### Exercise material
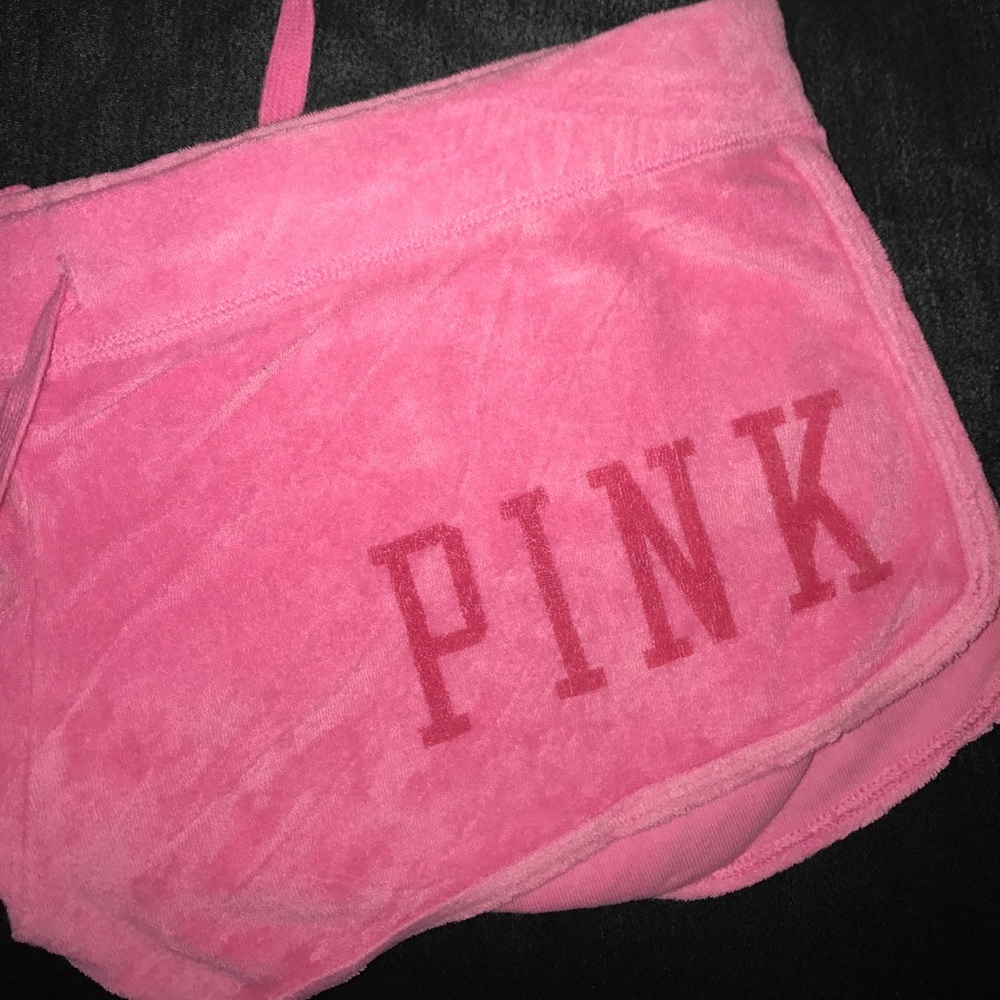 Terrycloth PINK shorts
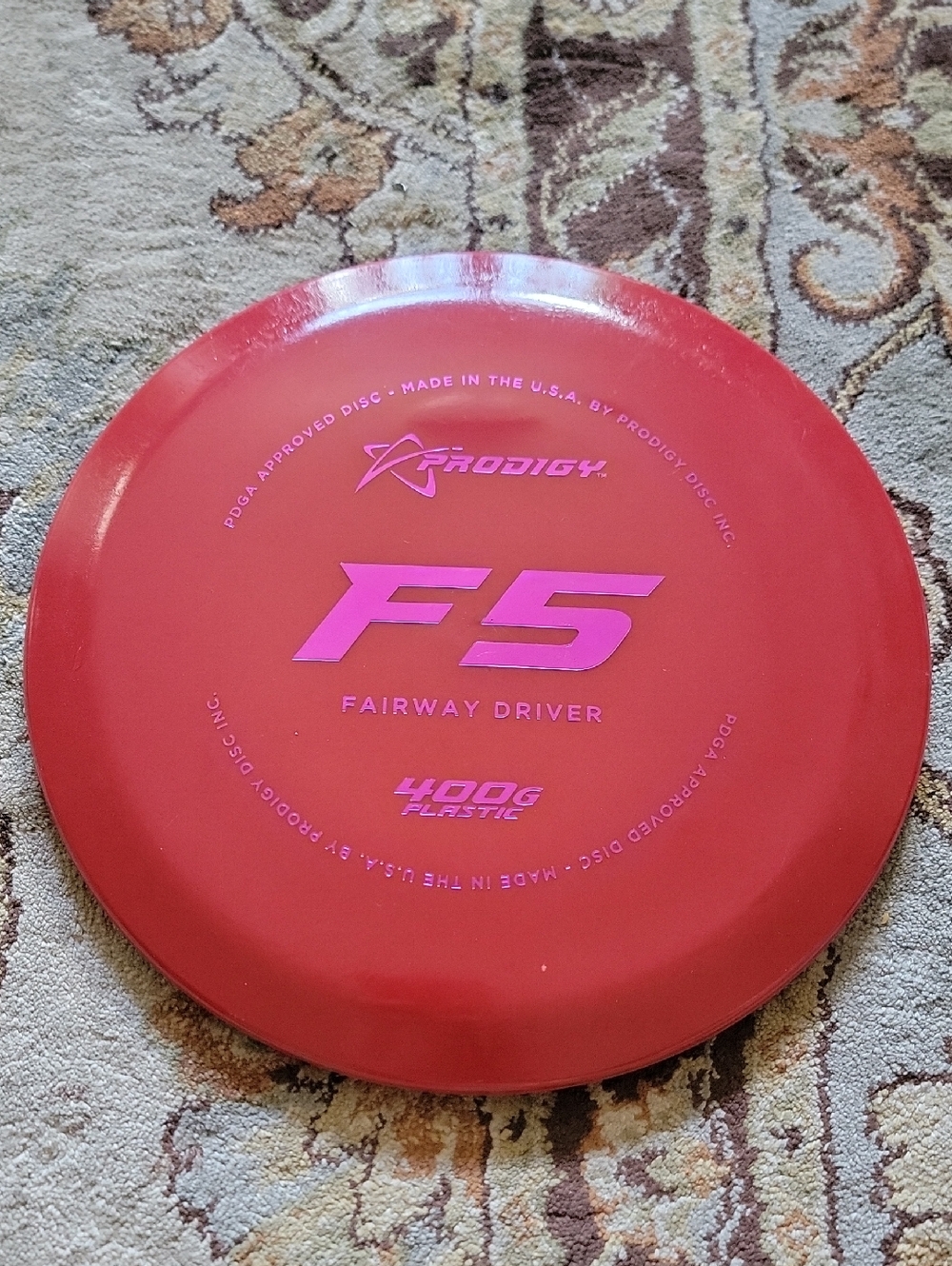 NEW PROGIGY F5 Fairway Driver Disc 400G Plastic - Red 174 Grams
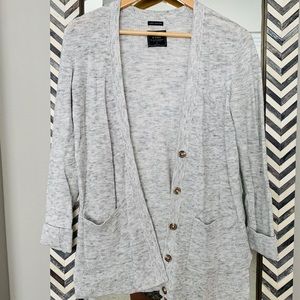 Abercrombie Boyfriend Cardigan- Size Small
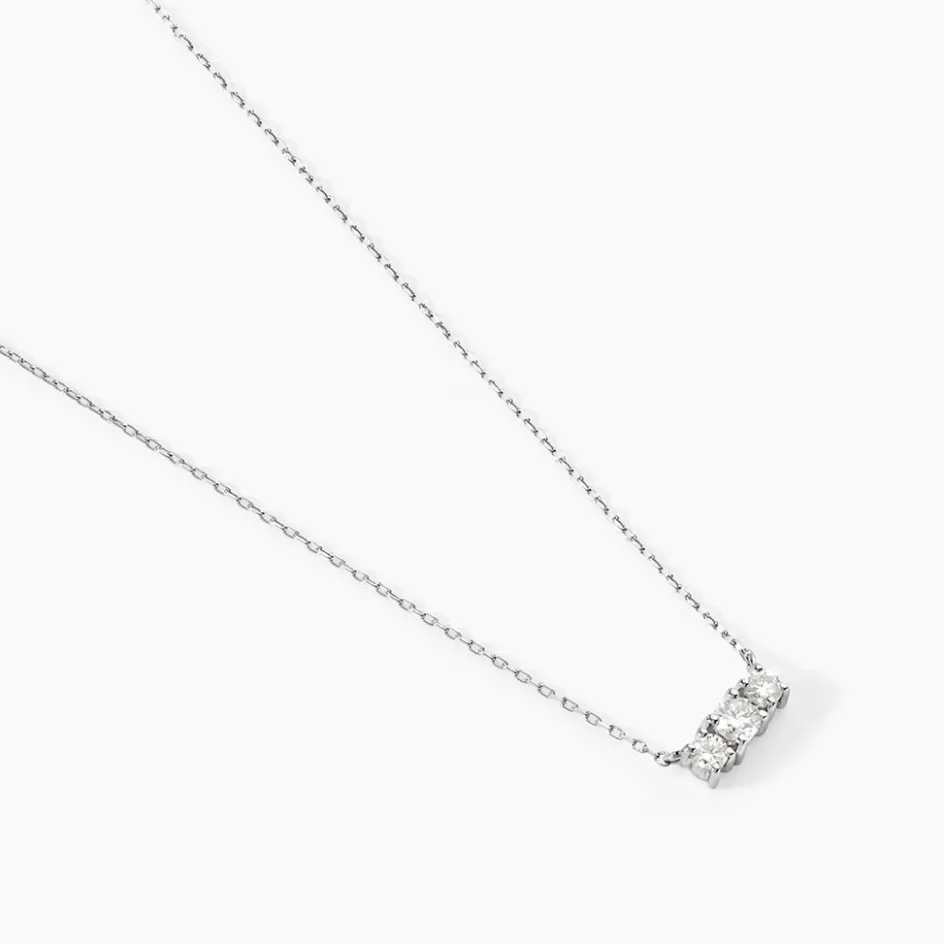 Outlet Histoire d'Or Collier Or Blanc Sabine Diamants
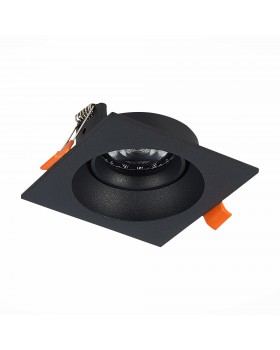 ST208.418.01 Св-к встр. Мат. черный GU10 1*50W L94xW94xH40 220V Без ламп MISURA-foto2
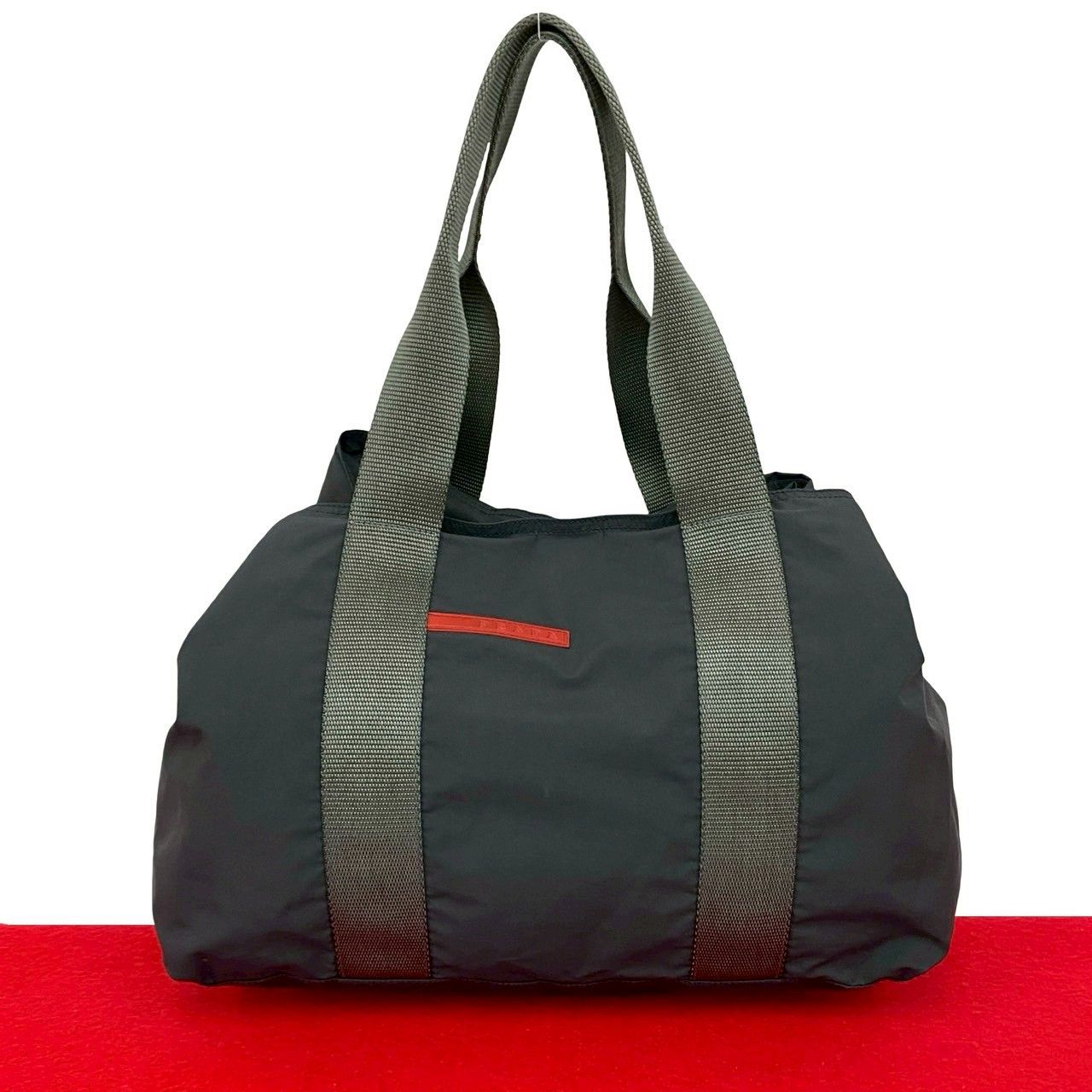 極 美品 希少品 PRADA プラダ プラダスポーツ ロゴ 刻印 ラバー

### Problem
Write the entries above out again exactly, but not the pictures.

### Answer section
 Terrycloth PINK shorts
 NEW PROGIGY F5 Fairway Driver Disc 400G Plastic - Red 174 Grams
 Abercrombie Boyfriend Cardigan- Size Small
 Outlet Histoire d'Or Collier Or Blanc Sabine Diamants
 ST208.418.01 Св-к встр. Мат. черный GU10 1*50W L94xW94xH40 220V Без ламп MISURA-foto2
 極 美品 希少品 PRADA プラダ プラダスポーツ ロゴ 刻印 ラバー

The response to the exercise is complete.